4e: My memory is isolated islands in the Shadowfell with no connections.
3e: Some have single somewhat reliable, possibly one way Chunnels, though mostly those are between a domain in the core and domains in mini-core connected clusters.
2e: Most are completely isolated.

The core is like real life geography, most areas border a number of others and there are roads and you can walk. Domains that are physical islands off the core can be gotten to by boat. Islands of Terror are different and are fully separated, Sri Raji from the original boxed set had no regular connection or commerce with any other domain and outsiders are as likely to be from the Forgotten Realms as from Barovia or Har Akir.

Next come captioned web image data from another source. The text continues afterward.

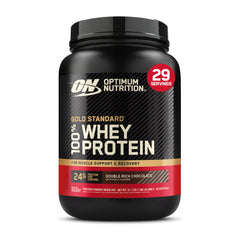 Optimum Nutrition Gold Standard whey bottle closeup for post-workout fuel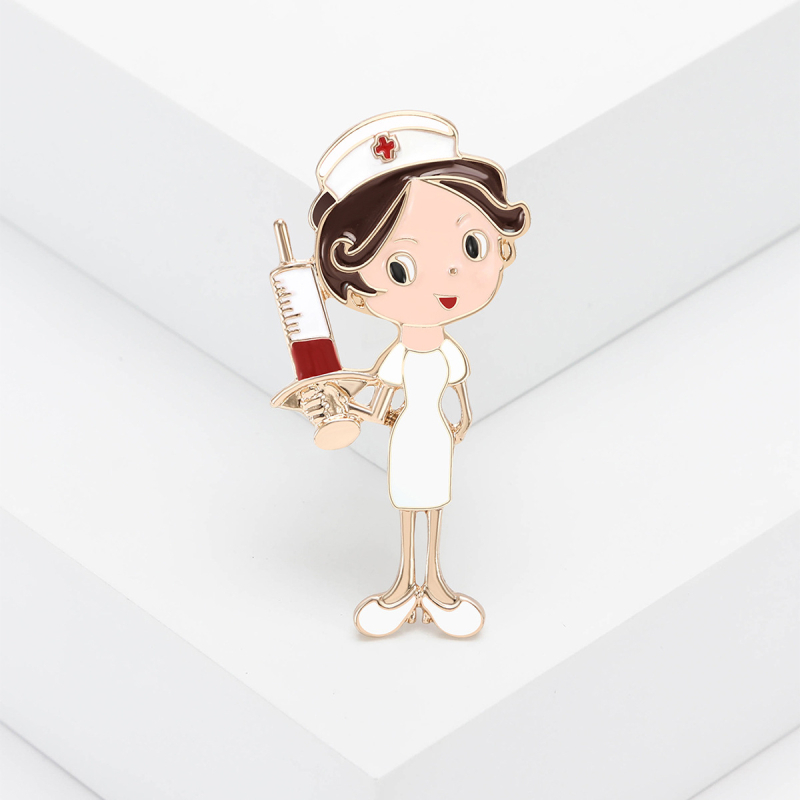 Euroopa ja Ameerika moodne koomiksisulamist emailiga naissoost õe pross isikupärastatud loominguline daamide rõivaste korsett-ehte nööpnõel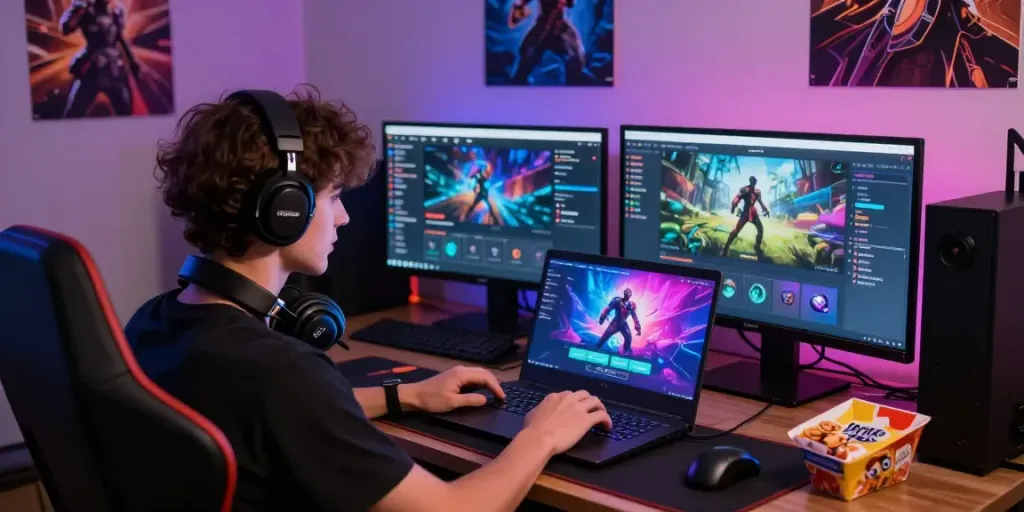 Proses natunatoto login dengan laptop gamer dan suasana ceria di ruang permainan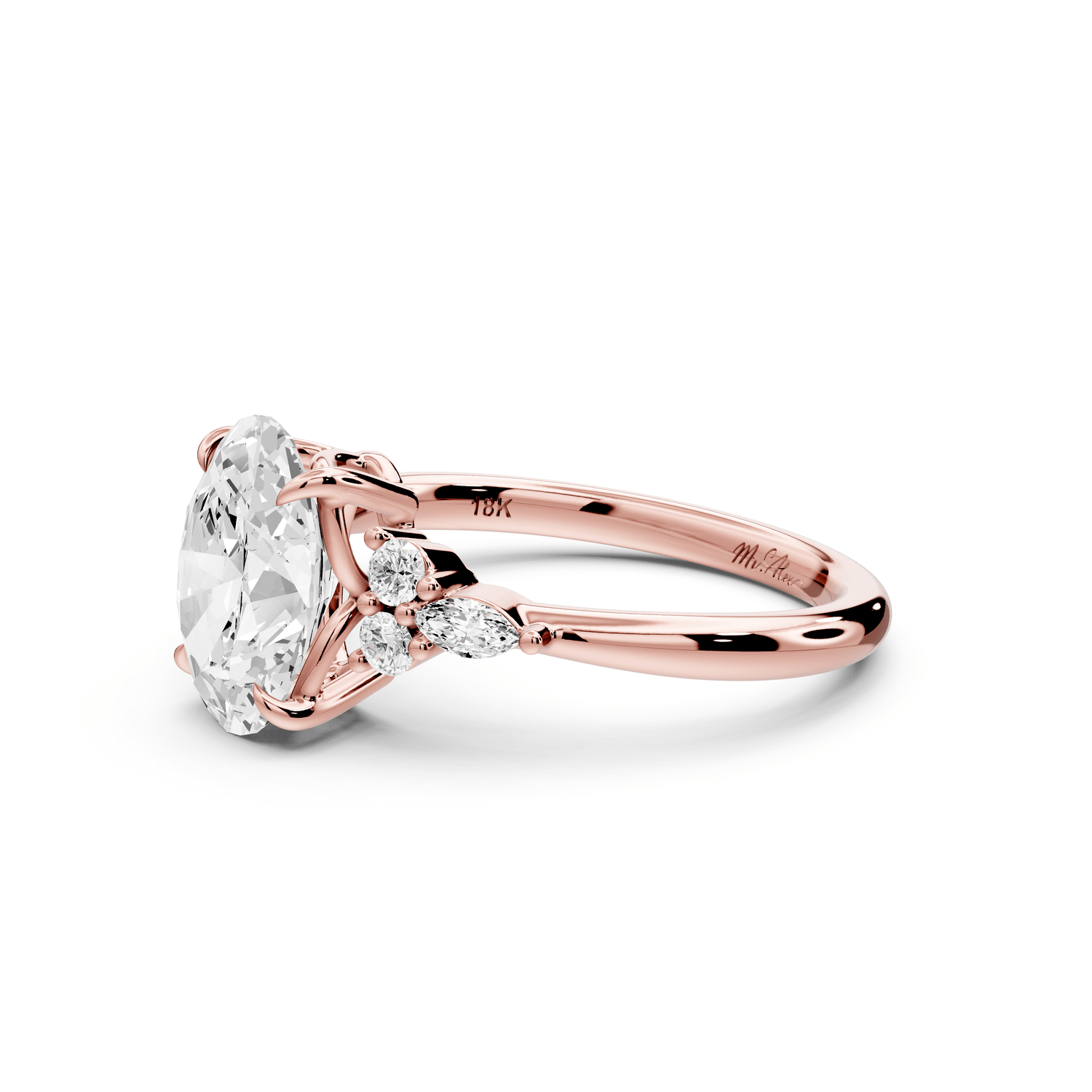 Sandi - 2ct 18k rose gold Oval Floral Cluster Side-Stone Engagement Ring with Plain Band - Mr. Alex Jewelry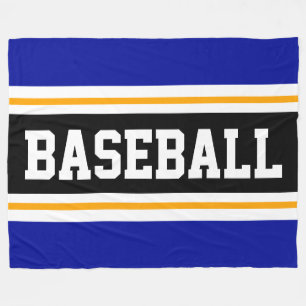 BASEBALL Deep Blue Yellow Black Athletic Stripes Fleece Blanket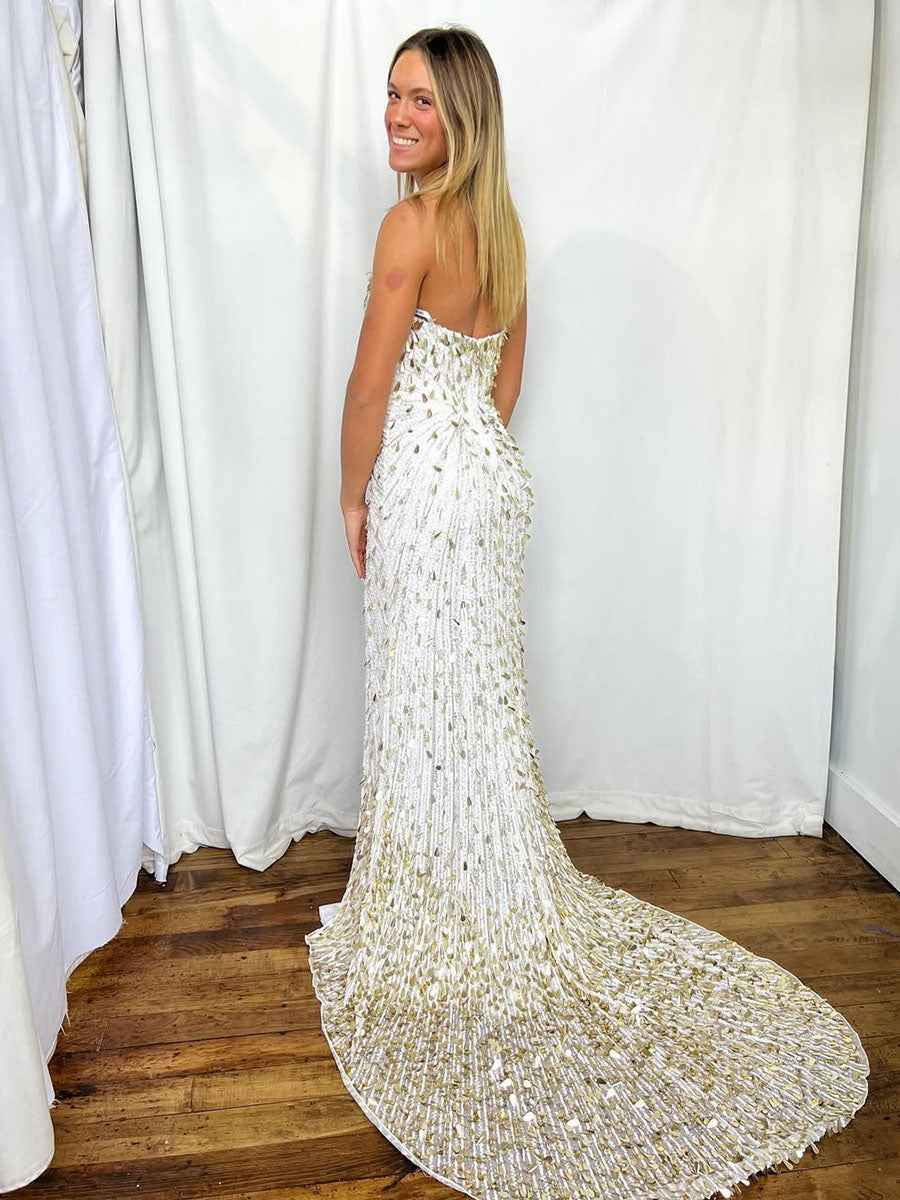 White Strapless Prom Dress With Gold Teardrop Sequins And High Slit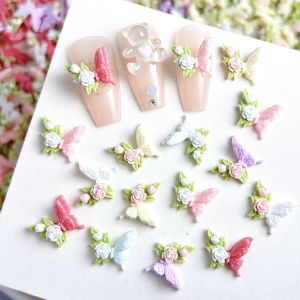 20PCS Sweet Luminous Flower Butterfly Resin Nail Charms 3D Colorful Leaf Butterfly Splicing Nail Art Decorations for DIY Nails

It later became part of a cluster and had more connections to other domains.

2e Realms of Terror original boxed set on Islands of Terror: "Each is permanently surrounded by Mist and has no physical link to any other domain. The domains are pictured as a group on one of the color maps in this boxed set, but their position on the map is arbitrary. No sailor in the vast sea of Mists can chart a course to these islands."

3e Ravenloft book on Islands of Terror: "Islands of Terror are domains surrounded by the Mists; they do not share stable borders with neighboring domains. They are among the most secluded domains in Ravenloft, though solitary wanderers always seem to find their way to such remote places."

Based on past treatment I expect if they say they are going with Islands of Terror it will each be their own isolated thing as the default. Barovia from the individual modules of I6, Expedition to Castle Ravenloft, and Curse of Strahd will be the model instead of Barovia from the various campaign settings so there will not be a default of any domains having any other ongoing Ravenloft connections besides possible ones of past connections like a lord who started off in another domain but "earned" their own new one. Which means the core wide secret societies will not make as much sense nor will adventures where the agents of a Darklord are operating in another domain. The smaller domains which are single cities or towns or haunted houses/castles will stand out more obviously as metaphysically odd if they are default not part of a larger continuity.